I'm new to Python and recently learning text processing using Bag of Words and TFIDF.
I was trying to get the word in column 1001 in my TFIDF by using the following codes:
count_vectorizer = CountVectorizer()
bag_of_words = count_vectorizer.fit_transform(df)
TFIDF_transformer = TfidfTransformer(norm = 'l2')
TFIDF_representation = TFIDF_transformer.fit_transform(bag_of_words)
TFIDF_transformer.get_feature_names_out()[1000]
and the output is "x1000", a token (I assume) instead of a word.
How can I get the exact word in column 1001 in my TFIDF? Am I using the wrong function or missing other steps to interpret the token I get?
The count vectorizer returns a sparse matrix which doesn't have column names, you need to convert this to a dataframe and then add the words as the column names by pulling them out of the CountVectorizer
:
from sklearn.feature_extraction.text import CountVectorizer, TfidfTransformer
count_vectorizer = CountVectorizer()
bag_of_words = count_vectorizer.fit_transform(df)
### Turn sparse array into dense pandas dataframe and add column names (words/tokens)
bag_of_words = pd.DataFrame(bag_of_words.toarray(), columns=count_vectorizer.get_feature_names_out())

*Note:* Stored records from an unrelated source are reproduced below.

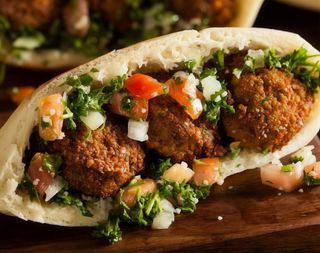 Falafel box mały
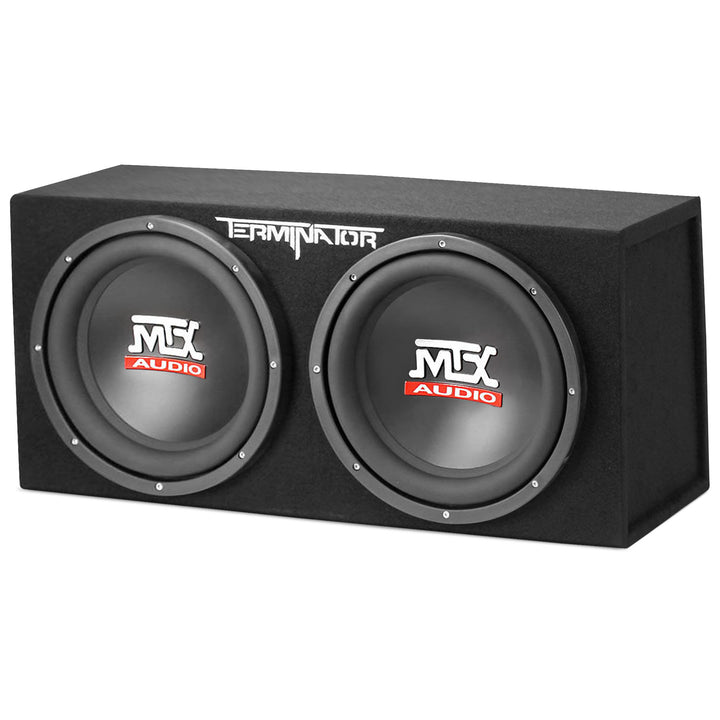MTX TNE212D 12" 1200W Dual Car Subwoofers Audio Subs + Enclosure - Used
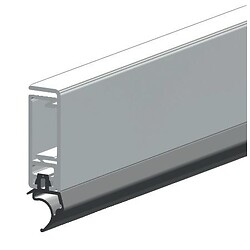 Profils d'encadrement de portes ASP - en aluminium anodisé avec joint silicone- kit pour une porte 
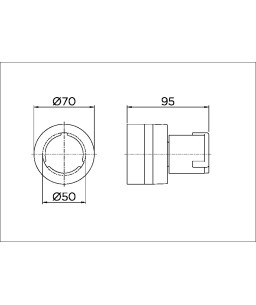 Acabamento para registro base Deca 1.1/4" e 1.1/2" Riva 00451406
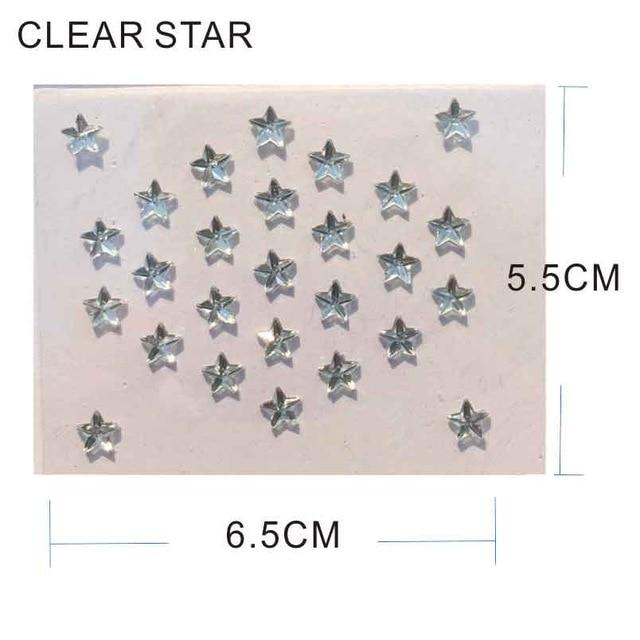 FG01 make up Face gems sticker gift ideas for Dance Punk and having Face Rocks Fun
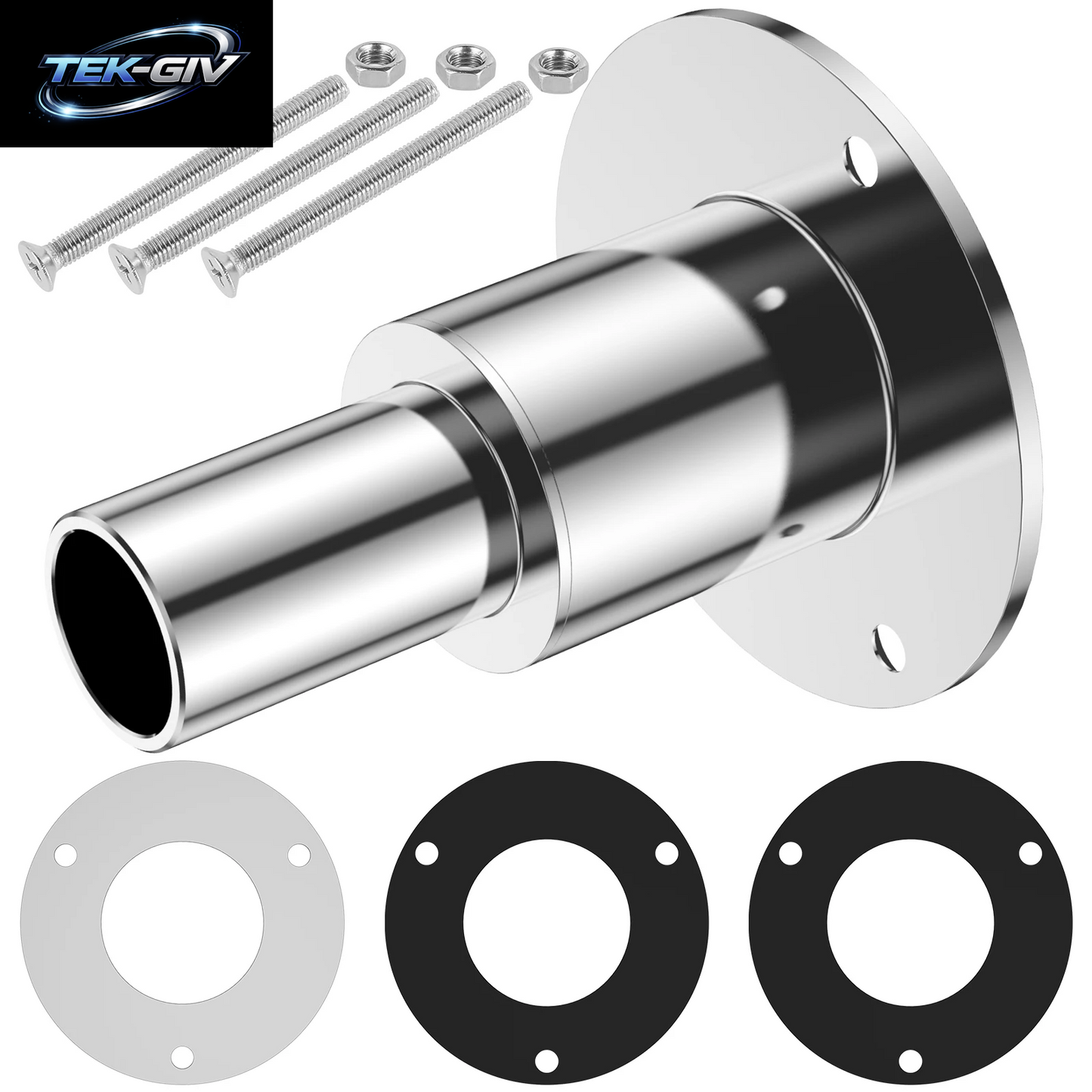 1/2 Stücke 316 Edelstahl Auspuffrohr Fitting Kit Fitting 24Mm Rohr Rohr Gerade Durch Rumpf Auspuffhaut Diesel Standheizung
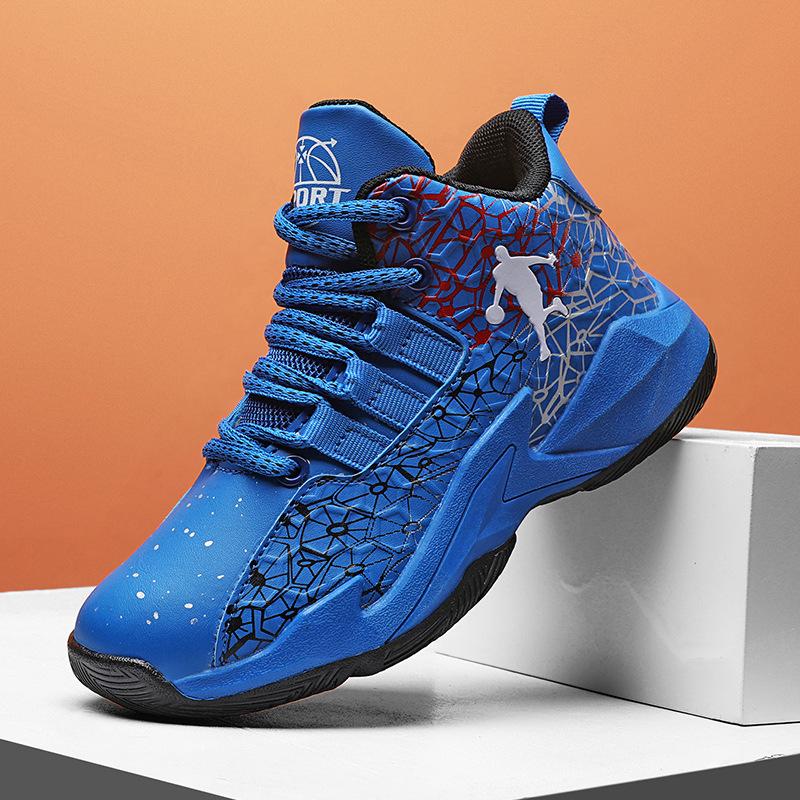 

Мальчики и девочки красочные обтекаемые детские баскетбольные кроссовки мужские спортивные кроссовки кроссовки для папы детская обувь родительско-детская повседневная обувь дети 40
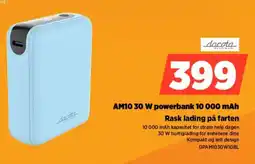 POWER Dacota AM10.30 W powerbank 10 000 mAh Rask lading på farten tilbud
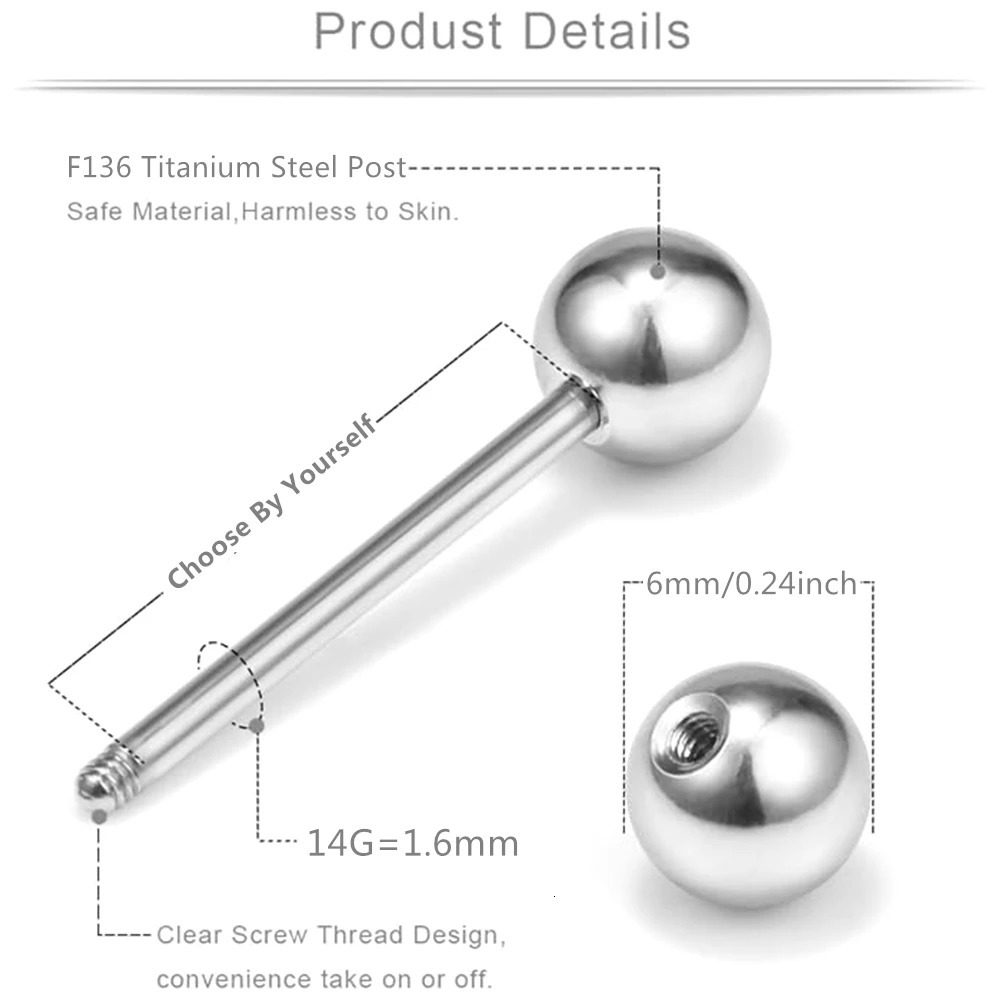 4X Mixed Type 36 Crystal Opal Tongue Bar Barbell 6mm Ball Nipple Ring Body Piercing Jewellery Set 14G 250526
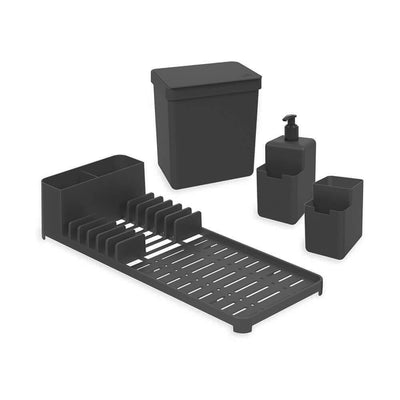 Conjunto organize sua pia Coza Single 4 peças preto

TFIDF_transformer = TfidfTransformer(norm = 'l2')
TFIDF_representation = TFIDF_transformer.fit_transform(bag_of_words)
Alternatively, I'll offer that if you're just after TF-IDF vectorization, it will probably be simpler to use the TF-IDF vectorizer directly, as opposed to using the TfidfTransformer
:
from sklearn.feature_extraction.text import TfidfVectorizer
TFIDF = TfidfVectorizer()
TFIDF_representation = TFIDF.fit_transform(df)
TFIDF_transformer.get_feature_names_out()